We were quite successful in reversing the trajectory of the company and establishing a stable platform on which we can build.
Despite these accomplishments, and to a certain extent because of them, we're reporting the largest loss in the history of the company.
As you have no doubt seen, Duke Energy reported a net loss of $1.48 per share for 2003, which included $2.76 in special items, which we'll cover in more detail in just a minute.
Reported earnings for 2002 were $1.22 per share, and included charges for special items totaling 66 cents per share. Most of our business segments continued to deliver strong results for the quarter and the year.
Gas Transmission, Field Services, Internal and Crescent met their earnings targets and produced good cash flows.
Natural Gas Transmissions recognized it's first full year of earnings from the West Coast assets, and Field Services benefited from higher NGL prices and improving frac spreads.
Internal's Latin American assets delivered expected results. And National Methanol had record output during the year. Decreased earnings for the year at Franchised Electric reflected higher depreciation, amortization and O&M cost. The lower sales in our service territory, due to unfavorable weather for the year, were offset by higher off-system sales to wholesale customers.
DENA's ongoing results for the year reflected the continued oversupply of merchant generation and low spark spreads, which have precluded many of our facilities from generating cost effective power.
As we discussed in our call earlier this month, we took a number of charges for asset impairments at both DENA and DEI, and for costs to wind down the Duke Energy trading and marketing joint venture.
With these decisions behind us, DENA can now focus on divesting plants in the southeast and contracting more power supplies from our remaining facilities.
As part of our cost reduction efforts across the company, Duke Energy incurred approximately $153 million in severance costs during 2003.
Annual cost savings related to the workforce reduction and other cost savings initiatives will reach at least $200 million in 2004.
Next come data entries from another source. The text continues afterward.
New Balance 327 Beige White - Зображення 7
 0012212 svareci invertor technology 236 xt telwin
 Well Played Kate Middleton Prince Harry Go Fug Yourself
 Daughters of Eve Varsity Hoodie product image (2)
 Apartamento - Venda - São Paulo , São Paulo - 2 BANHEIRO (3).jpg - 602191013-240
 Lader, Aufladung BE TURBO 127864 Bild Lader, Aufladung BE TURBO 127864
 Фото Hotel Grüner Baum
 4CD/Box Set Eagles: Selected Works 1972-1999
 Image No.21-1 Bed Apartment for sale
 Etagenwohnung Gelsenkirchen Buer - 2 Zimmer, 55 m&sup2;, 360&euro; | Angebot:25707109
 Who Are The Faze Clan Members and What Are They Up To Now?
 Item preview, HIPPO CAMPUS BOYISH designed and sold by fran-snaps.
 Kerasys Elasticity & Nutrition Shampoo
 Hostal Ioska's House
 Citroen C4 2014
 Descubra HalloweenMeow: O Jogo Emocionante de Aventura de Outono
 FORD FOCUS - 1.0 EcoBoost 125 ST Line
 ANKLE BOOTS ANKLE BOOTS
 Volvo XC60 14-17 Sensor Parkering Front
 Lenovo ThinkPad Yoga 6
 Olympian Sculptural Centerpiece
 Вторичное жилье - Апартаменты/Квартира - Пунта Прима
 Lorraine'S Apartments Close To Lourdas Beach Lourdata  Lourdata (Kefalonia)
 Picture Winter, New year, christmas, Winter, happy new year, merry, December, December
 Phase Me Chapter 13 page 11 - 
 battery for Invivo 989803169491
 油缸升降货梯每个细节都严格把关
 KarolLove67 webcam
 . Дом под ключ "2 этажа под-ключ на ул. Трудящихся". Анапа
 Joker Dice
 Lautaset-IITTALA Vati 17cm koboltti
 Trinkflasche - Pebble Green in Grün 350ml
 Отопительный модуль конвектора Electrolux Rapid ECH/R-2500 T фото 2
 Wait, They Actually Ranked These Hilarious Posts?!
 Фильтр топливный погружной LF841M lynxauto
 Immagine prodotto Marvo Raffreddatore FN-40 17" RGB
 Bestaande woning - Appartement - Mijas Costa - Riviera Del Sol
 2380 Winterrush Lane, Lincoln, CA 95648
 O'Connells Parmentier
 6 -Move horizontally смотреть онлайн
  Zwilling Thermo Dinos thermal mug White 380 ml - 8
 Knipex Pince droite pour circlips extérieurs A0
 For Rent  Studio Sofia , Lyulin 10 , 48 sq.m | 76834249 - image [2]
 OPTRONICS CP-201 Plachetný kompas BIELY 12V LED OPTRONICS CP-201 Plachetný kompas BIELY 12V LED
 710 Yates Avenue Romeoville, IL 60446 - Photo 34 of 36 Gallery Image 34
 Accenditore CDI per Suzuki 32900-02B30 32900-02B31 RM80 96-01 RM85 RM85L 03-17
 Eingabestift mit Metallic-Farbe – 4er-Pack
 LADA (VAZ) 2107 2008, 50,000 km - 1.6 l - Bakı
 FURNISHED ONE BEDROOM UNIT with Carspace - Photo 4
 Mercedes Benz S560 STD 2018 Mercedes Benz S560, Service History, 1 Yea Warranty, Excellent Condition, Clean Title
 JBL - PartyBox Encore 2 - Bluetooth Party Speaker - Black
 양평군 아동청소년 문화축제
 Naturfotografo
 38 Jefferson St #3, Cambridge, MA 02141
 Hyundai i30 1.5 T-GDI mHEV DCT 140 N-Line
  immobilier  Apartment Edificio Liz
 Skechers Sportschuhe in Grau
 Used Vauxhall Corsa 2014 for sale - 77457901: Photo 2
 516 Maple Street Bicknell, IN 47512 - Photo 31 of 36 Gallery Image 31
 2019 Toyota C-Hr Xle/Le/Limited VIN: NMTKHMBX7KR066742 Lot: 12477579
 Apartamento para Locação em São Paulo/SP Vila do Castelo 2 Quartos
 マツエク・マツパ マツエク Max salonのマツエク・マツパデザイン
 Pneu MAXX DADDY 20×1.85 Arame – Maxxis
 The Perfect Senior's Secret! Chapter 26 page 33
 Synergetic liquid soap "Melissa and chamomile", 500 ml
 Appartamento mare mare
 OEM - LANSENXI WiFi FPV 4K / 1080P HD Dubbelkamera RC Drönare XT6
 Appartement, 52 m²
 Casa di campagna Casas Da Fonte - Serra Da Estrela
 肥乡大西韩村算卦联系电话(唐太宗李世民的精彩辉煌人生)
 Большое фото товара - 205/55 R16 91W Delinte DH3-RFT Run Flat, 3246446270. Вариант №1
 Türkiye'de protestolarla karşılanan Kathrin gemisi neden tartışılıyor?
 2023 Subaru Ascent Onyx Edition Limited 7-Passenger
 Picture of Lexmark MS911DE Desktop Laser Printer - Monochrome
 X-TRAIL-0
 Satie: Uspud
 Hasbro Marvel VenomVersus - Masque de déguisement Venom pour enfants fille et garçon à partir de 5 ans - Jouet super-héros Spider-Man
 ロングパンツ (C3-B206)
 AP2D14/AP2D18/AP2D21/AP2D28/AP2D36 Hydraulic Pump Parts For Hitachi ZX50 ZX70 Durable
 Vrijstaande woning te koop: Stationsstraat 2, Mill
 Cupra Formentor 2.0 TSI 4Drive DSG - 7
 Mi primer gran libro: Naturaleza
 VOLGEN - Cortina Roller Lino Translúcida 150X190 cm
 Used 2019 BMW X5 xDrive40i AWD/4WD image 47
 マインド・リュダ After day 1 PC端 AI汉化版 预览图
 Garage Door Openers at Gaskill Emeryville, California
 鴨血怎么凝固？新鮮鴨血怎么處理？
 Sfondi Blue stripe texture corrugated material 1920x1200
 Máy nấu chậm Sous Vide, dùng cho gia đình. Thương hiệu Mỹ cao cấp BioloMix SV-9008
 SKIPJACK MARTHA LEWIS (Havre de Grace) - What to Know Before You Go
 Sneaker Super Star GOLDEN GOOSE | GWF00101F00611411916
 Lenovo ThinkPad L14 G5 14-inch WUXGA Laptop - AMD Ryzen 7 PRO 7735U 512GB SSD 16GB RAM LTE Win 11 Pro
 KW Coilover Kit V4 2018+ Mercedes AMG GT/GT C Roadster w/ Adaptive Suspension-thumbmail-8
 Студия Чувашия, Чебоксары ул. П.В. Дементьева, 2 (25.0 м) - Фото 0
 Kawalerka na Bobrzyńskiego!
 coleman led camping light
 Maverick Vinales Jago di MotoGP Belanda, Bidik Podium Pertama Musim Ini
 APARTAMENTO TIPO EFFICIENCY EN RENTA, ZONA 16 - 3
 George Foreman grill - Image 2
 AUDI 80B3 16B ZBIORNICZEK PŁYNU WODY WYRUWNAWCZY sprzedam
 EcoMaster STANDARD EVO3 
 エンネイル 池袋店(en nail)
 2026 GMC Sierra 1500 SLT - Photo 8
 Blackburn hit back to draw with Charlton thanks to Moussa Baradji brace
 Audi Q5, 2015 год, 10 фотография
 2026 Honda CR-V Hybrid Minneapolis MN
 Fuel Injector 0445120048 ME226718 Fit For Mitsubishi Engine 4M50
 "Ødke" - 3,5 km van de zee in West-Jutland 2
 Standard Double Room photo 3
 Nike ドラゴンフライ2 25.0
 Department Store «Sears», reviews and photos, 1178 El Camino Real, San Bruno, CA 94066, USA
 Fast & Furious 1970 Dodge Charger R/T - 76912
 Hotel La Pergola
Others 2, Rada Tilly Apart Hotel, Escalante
During this month, I shared with you some charges we planned to take during the fourth quarter. I'd like to update you on where we are regarding those charges, as well as other charges which will make up our special items for 2003.
Now, this table has a lot of numbers on it, and I'm not going to walk through each item on the table, as we have already provided you with information concerning these charges in previous calls.
But I thought you needed to see a table that summarized all of the special items included in our reported EBIT numbers. As you can see, the most significant items shown here have to do with the fourth quarter 2003 asset impairments of DENA, the associated disqualified hedges, and the wind down of Duke Energy trading and marketing.
The third quarter goodwill write down was the most significant charge not in the fourth quarter.
In addition to the numbers shown here, other special items totaling approximately $170 million are included in our financials as net losses from discontinued operations net of tax.
We've put this information out to help you better understand what our 2003 ongoing EBIT from continuing operations are for each of our reporting segments. With that, let me turn things over to David.
- Inteirm CFO, Senior VP
Thank you, Paul. For the fourth quarter of 2003, Duke Energy reported a loss of $2.23 per share.
Excluding the $2.45 in special items for fourth quarter discussed earlier, ongoing earnings were 22 cents per share.
As you may likely have noticed, we are now reporting discontinued operations. This is the first time that we have had the income statement line "Discontinued Operations". It is the accounting fallout associated with our fourth quarter decision to exit certain businesses.
The "Discontinued Operations" line is net of both interest expense and income taxes. As this change affects past periods, we have re-classified for prior periods.
Looking forward, this should provide you with a better view of our ongoing earnings. Now let me move onto the specifics at the business segments.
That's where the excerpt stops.